* **Exercise prompt**
Leaving out pictures, output exactly the lines below from the one that has "Bookcase Shelving Display" through the one that has "Google Home Mini Chrome", and nothing else.

* **Input data**
------------

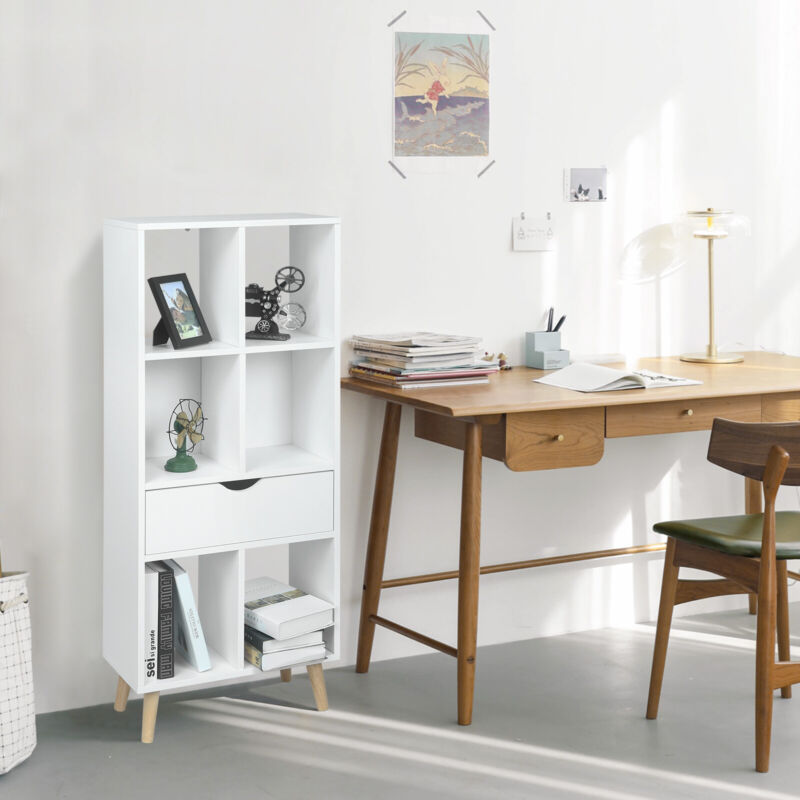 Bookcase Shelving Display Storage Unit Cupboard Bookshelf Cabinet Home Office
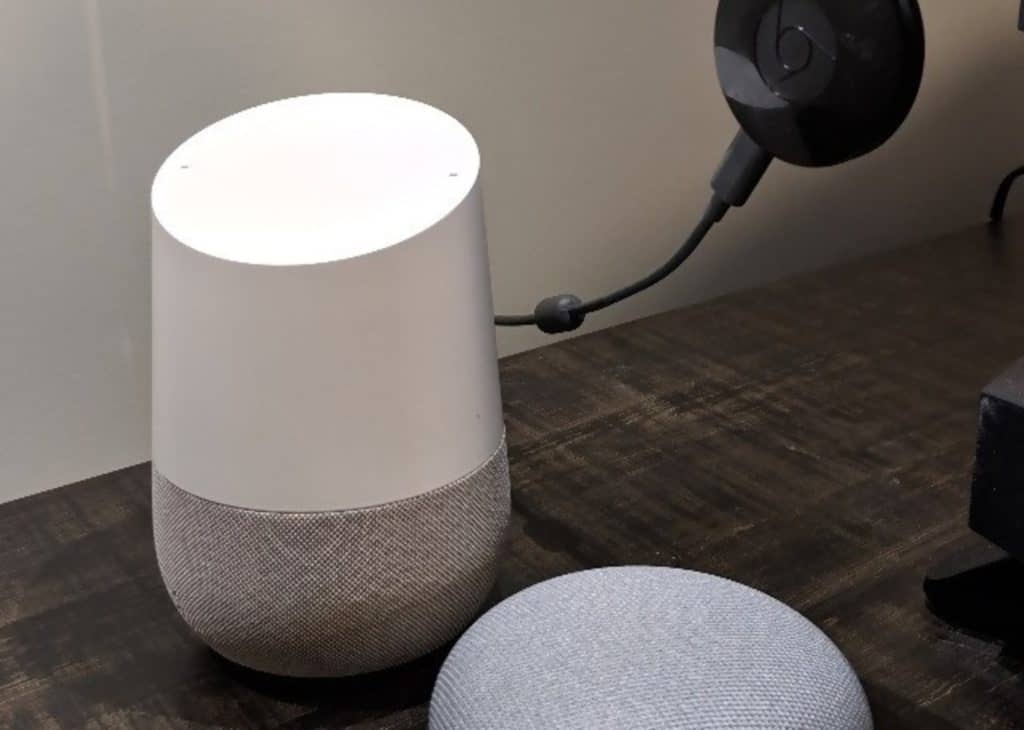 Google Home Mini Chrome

------------

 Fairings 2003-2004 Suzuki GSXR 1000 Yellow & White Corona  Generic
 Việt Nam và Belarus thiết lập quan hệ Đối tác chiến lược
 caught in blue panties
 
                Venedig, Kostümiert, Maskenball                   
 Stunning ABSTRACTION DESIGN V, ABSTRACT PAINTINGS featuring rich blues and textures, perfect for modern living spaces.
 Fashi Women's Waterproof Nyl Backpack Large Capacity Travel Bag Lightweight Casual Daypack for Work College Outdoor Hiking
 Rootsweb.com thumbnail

------------

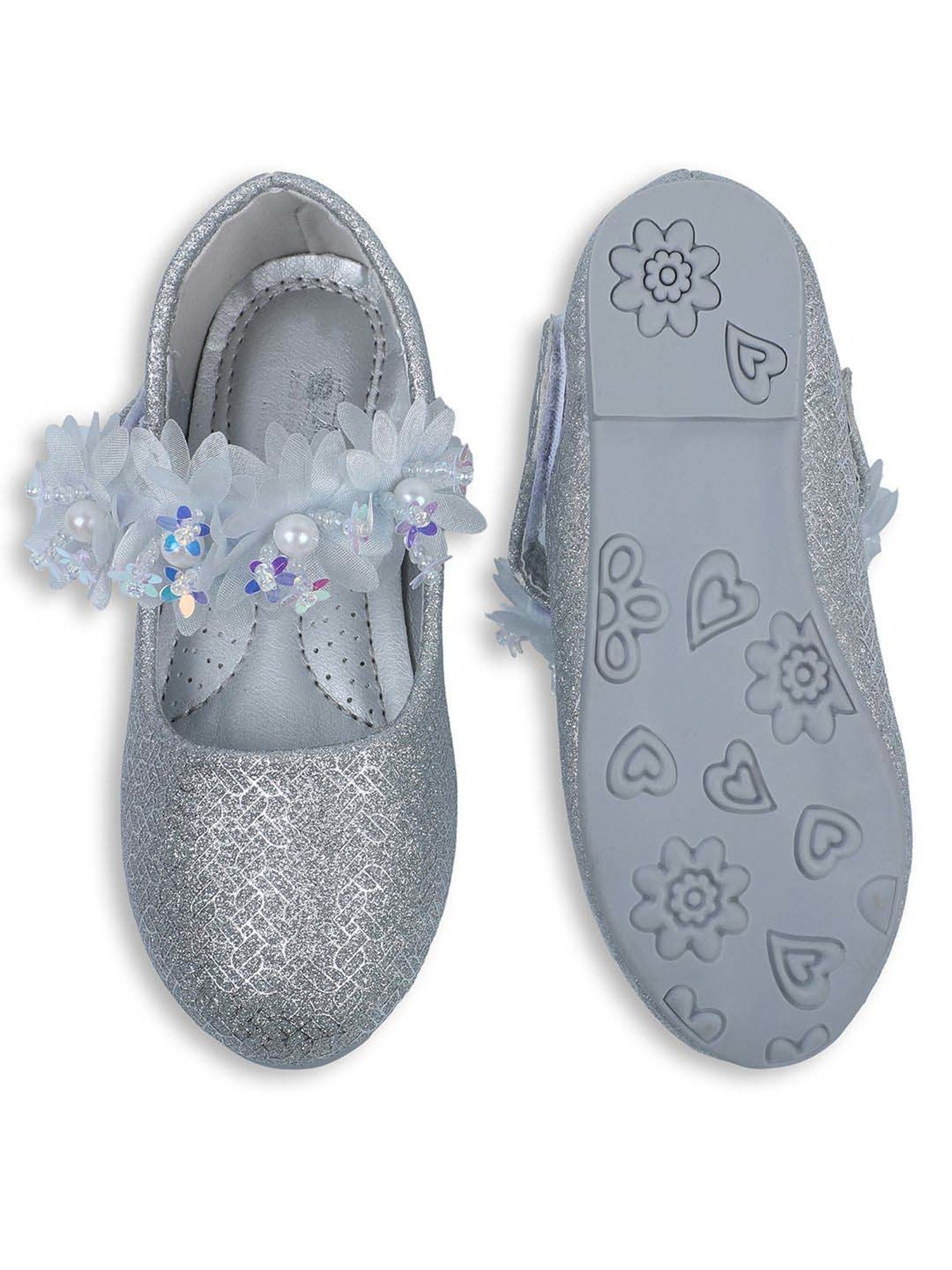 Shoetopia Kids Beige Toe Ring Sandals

------------

* **Solution for this task**
 Bookcase Shelving Display Storage Unit Cupboard Bookshelf Cabinet Home Office
 Google Home Mini Chrome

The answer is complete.